Dataset extract
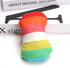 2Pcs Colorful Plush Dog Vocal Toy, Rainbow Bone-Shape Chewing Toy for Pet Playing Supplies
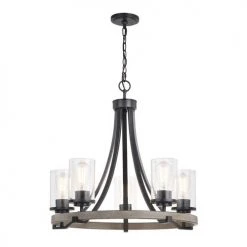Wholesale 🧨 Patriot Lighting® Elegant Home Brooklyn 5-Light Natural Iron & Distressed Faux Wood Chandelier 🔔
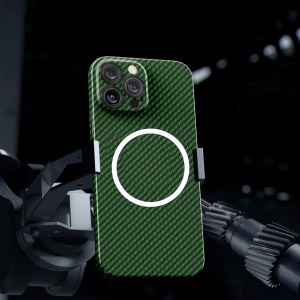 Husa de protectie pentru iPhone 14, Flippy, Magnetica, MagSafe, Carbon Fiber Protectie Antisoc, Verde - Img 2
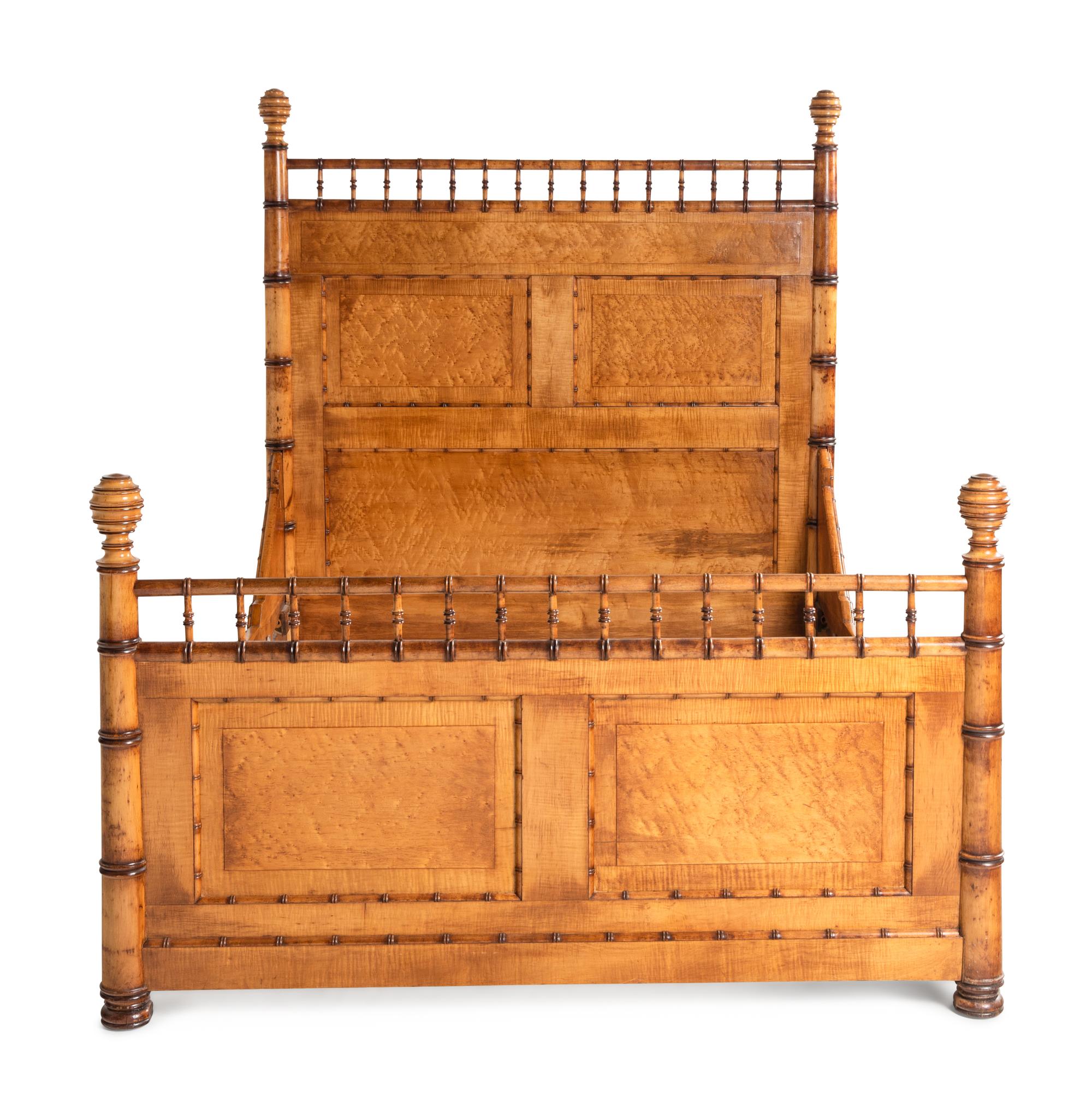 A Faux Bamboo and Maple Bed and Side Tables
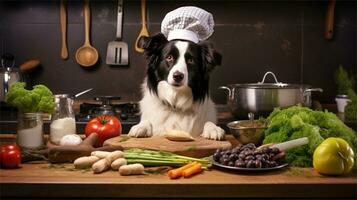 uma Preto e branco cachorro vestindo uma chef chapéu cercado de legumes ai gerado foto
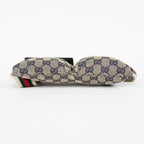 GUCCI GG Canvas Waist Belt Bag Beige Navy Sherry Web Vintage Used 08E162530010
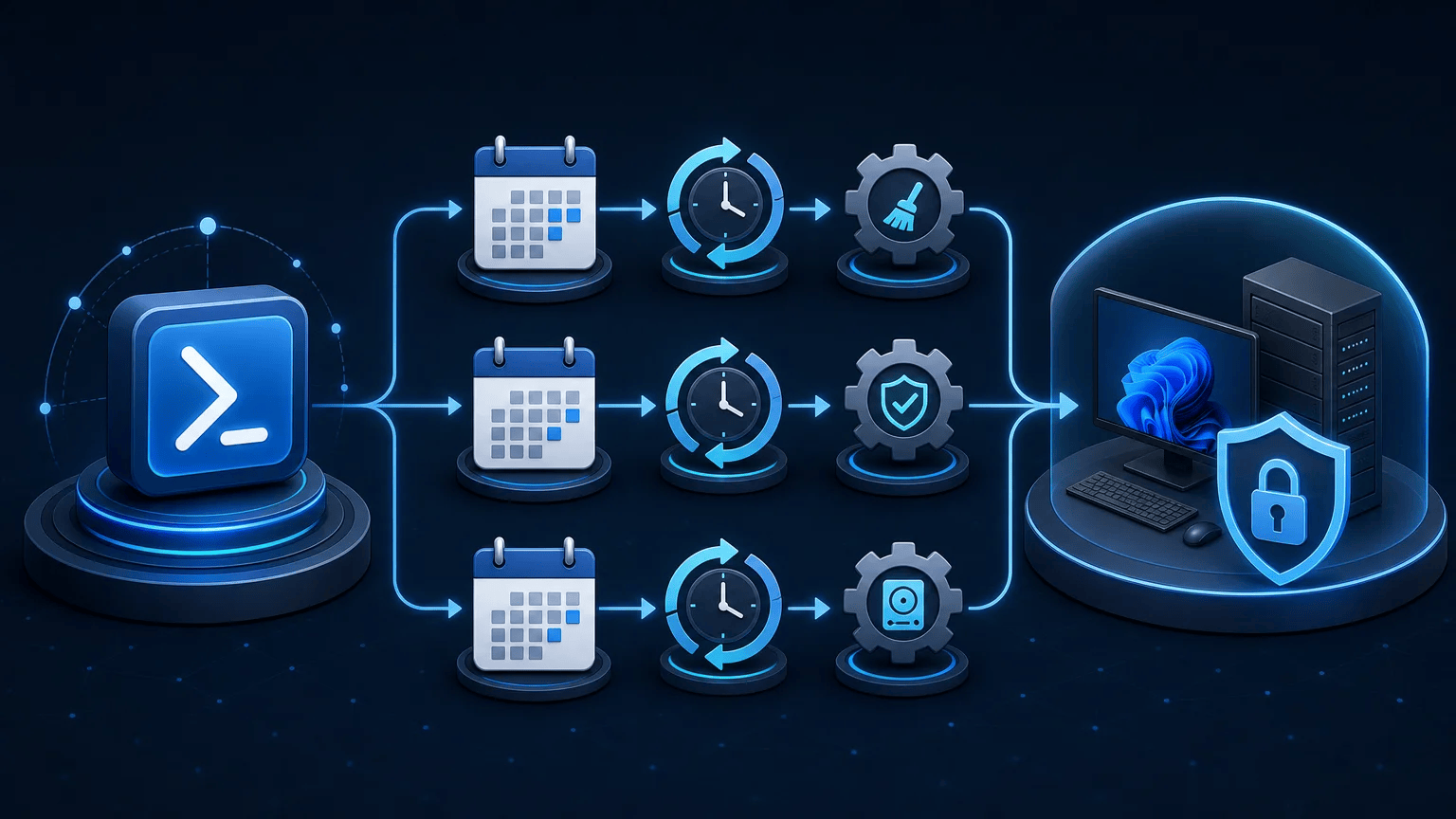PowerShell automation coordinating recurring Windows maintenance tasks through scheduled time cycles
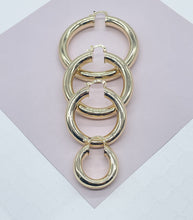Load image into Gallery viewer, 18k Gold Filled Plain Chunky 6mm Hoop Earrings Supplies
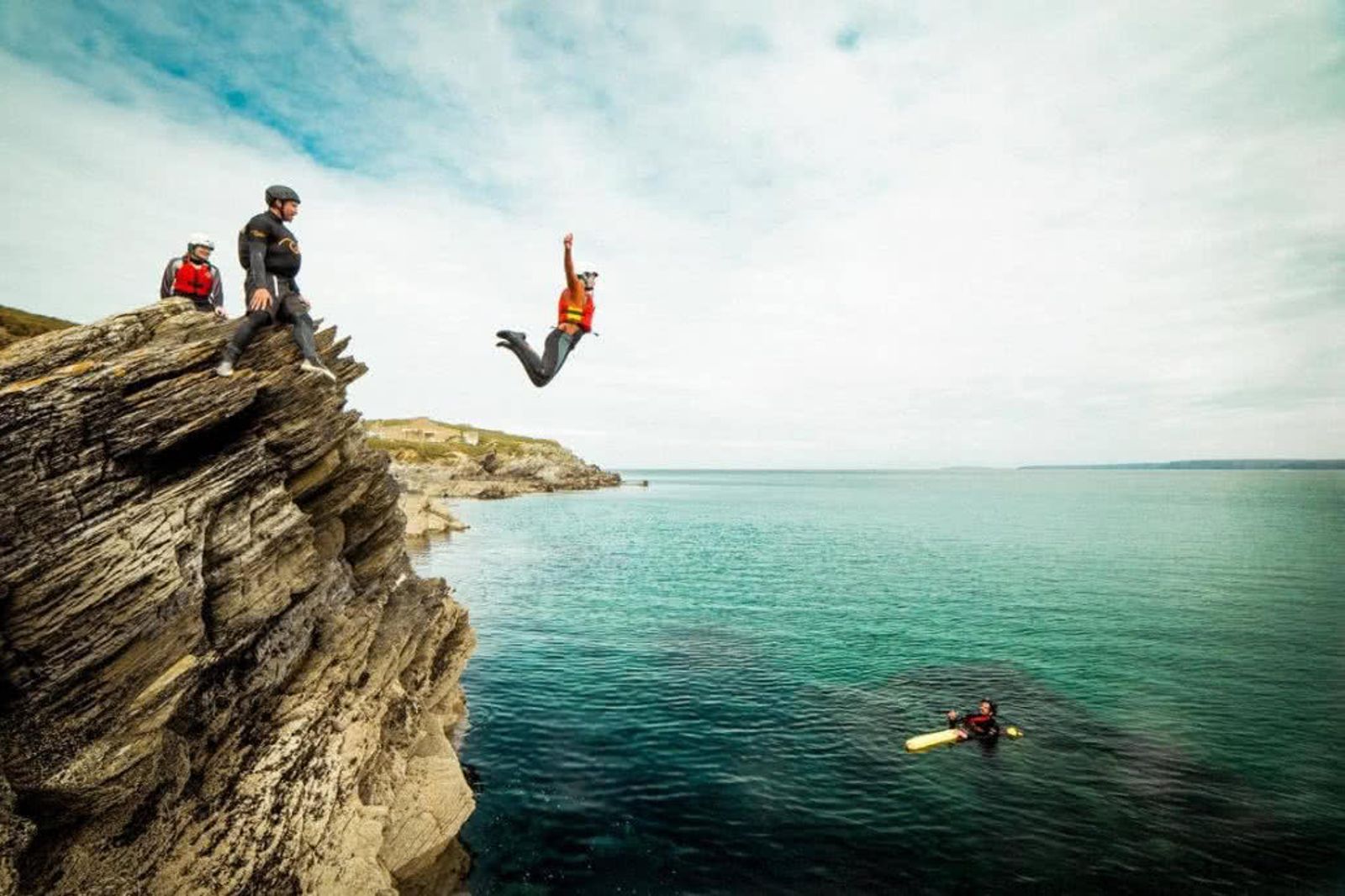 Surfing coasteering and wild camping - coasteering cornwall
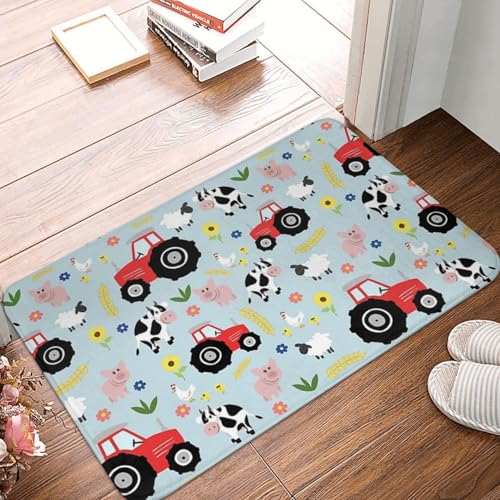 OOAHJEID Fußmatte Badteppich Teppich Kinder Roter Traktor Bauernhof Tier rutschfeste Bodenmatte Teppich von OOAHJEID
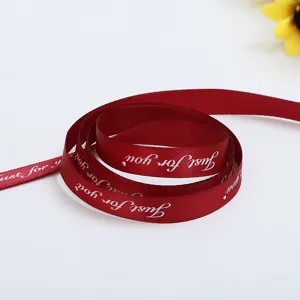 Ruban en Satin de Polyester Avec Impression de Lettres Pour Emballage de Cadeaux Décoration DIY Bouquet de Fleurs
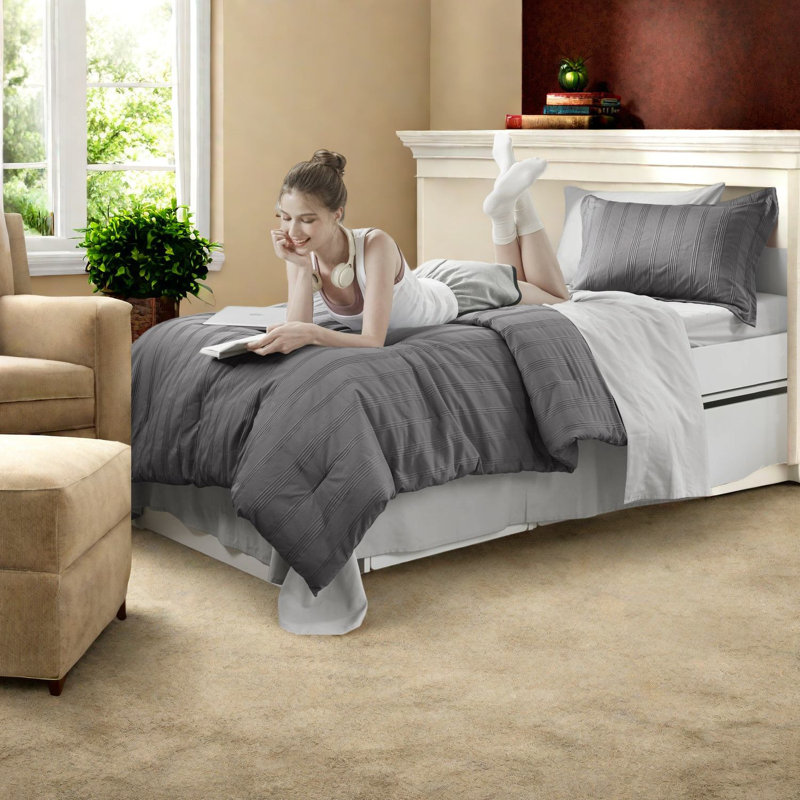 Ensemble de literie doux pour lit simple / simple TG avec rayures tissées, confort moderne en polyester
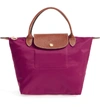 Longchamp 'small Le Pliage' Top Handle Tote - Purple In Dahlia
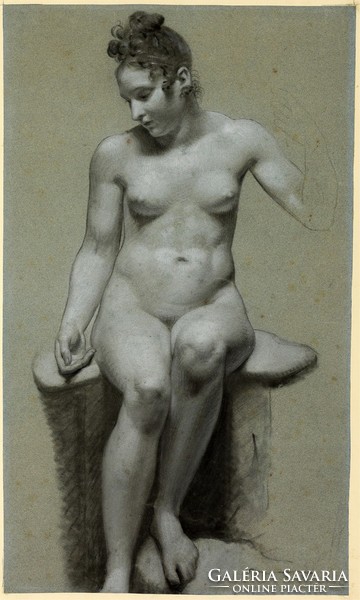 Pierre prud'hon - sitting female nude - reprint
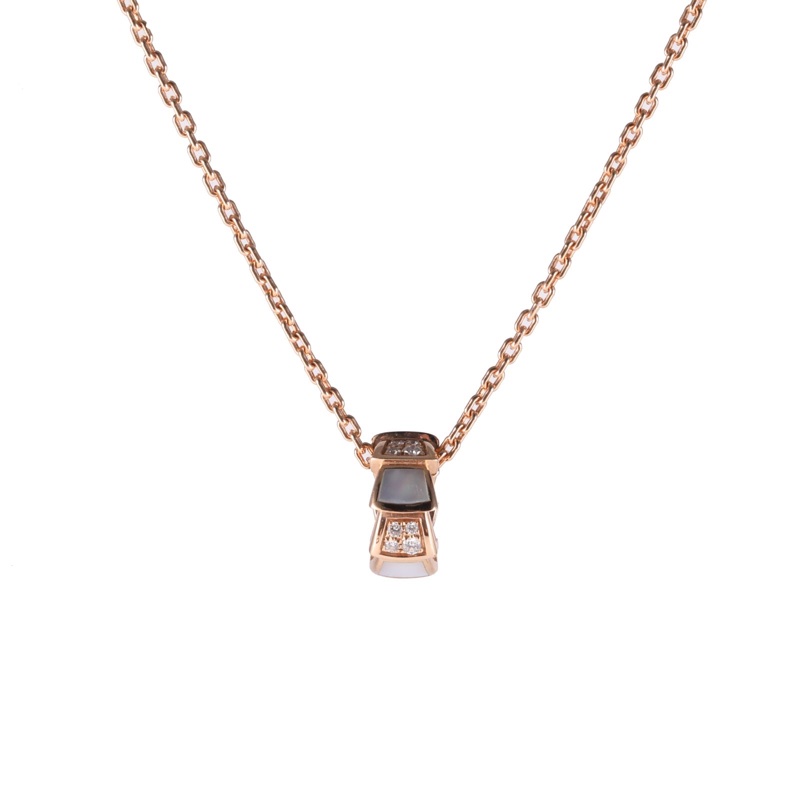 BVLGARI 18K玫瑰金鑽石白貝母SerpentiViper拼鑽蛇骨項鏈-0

Task prompt
Exclude the pictures and transcribe all of the entries exactly.

Answer box
 2Pcs Colorful Plush Dog Vocal Toy, Rainbow Bone-Shape Chewing Toy for Pet Playing Supplies
Wholesale 🧨 Patriot Lighting® Elegant Home Brooklyn 5-Light Natural Iron & Distressed Faux Wood Chandelier 🔔
 Husa de protectie pentru iPhone 14, Flippy, Magnetica, MagSafe, Carbon Fiber Protectie Antisoc, Verde - Img 2
 A Faux Bamboo and Maple Bed and Side Tables
 uma Preto e branco cachorro vestindo uma chef chapéu cercado de legumes ai gerado foto
 GUCCI GG Canvas Waist Belt Bag Beige Navy Sherry Web Vintage Used 08E162530010
PowerShell automation coordinating recurring Windows maintenance tasks through scheduled time cycles
Load image into Gallery viewer, 18k Gold Filled Plain Chunky 6mm Hoop Earrings Supplies
 Surfing coasteering and wild camping - coasteering cornwall
 OOAHJEID Fußmatte Badteppich Teppich Kinder Roter Traktor Bauernhof Tier rutschfeste Bodenmatte Teppich von OOAHJEID
 Ruban en Satin de Polyester Avec Impression de Lettres Pour Emballage de Cadeaux Décoration DIY Bouquet de Fleurs
 Ensemble de literie doux pour lit simple / simple TG avec rayures tissées, confort moderne en polyester
 Longchamp 'small Le Pliage' Top Handle Tote - Purple In Dahlia
 Pierre prud'hon - sitting female nude - reprint
 BVLGARI 18K玫瑰金鑽石白貝母SerpentiViper拼鑽蛇骨項鏈-0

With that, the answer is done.